Sobre o futuro da política monetária, Moreira indicou que o início dos cortes de juros é esperado para março. Ele detalhou que o mercado já precificou esse movimento inicial, portanto, o simples começo das quedas pode não gerar novos saltos no índice. O que realmente importa agora para os analistas é a velocidade e a extensão desse ciclo de cortes ao longo do ano.

Nas projeções da Garten Capital, o cenário base contempla uma sequência de reduções moderadas. Marcos Moreira afirmou que “nós projetamos cinco cortes de meio ponto percentual ao longo de 2026, onde nós chegaríamos ao final do ano com a Selic de 12,5”. Ele acredita que, se a taxa cair abaixo desse patamar, surgirá um novo gatilho de valorização que poderá finalmente atrair o investidor local de volta à Bolsa.
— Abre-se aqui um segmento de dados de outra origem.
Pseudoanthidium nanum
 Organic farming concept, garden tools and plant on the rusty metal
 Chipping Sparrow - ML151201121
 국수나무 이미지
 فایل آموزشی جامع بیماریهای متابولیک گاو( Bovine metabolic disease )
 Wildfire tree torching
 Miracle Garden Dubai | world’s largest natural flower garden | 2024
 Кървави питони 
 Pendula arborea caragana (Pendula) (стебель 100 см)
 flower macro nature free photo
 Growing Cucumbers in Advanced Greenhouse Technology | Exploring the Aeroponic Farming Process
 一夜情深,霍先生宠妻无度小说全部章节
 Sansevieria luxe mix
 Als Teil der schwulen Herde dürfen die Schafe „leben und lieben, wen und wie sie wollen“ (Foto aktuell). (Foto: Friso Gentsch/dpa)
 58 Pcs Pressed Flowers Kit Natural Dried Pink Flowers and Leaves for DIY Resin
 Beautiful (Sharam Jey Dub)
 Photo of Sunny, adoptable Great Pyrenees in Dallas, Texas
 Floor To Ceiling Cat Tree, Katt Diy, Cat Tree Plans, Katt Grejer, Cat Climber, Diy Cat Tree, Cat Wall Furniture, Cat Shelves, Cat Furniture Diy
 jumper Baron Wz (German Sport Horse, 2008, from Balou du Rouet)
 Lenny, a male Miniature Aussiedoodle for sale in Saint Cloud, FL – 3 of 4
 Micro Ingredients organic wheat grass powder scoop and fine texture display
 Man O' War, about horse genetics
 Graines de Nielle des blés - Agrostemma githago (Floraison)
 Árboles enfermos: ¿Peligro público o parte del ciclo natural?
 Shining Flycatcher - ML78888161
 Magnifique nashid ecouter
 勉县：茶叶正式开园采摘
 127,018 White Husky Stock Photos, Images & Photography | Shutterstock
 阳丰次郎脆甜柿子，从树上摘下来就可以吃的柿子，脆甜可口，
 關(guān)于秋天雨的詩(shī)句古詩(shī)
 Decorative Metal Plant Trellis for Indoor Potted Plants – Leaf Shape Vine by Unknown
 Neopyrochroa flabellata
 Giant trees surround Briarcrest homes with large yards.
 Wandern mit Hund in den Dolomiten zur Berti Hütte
A sustentabilidade desse movimento de recordes também passa pela análise do valor real das empresas brasileiras, o chamado valuation. O entrevistado enfatizou que o Brasil passou um longo período de subvalorização extrema. Segundo ele, “ao longo dos últimos três anos, a Bolsa vem negociando a níveis historicamente muito descontados”, o que justifica o interesse estrangeiro mesmo após as altas recentes.

O risco de uma reversão brusca reside na possibilidade de a Selic não cair conforme o esperado ou de o cenário eleitoral trazer ruídos excessivos. Como o capital estrangeiro é altamente fluido, qualquer mudança nas expectativas de rentabilidade ou segurança jurídica pode estancar o fluxo. Contudo, por enquanto, a leitura é de que o valor justo da Bolsa ainda permite margem para novos avanços técnicos.

A estratégia de alocação para os próximos meses deve, portanto, equilibrar o entusiasmo com os recordes e a vigilância sobre os indicadores domésticos. Com o gringo no comando, o Ibovespa B3 segue testando novos limites, mas a consolidação definitiva dessa alta dependerá da convergência entre o fluxo externo e a confiança do investidor brasileiro na economia real a partir de março.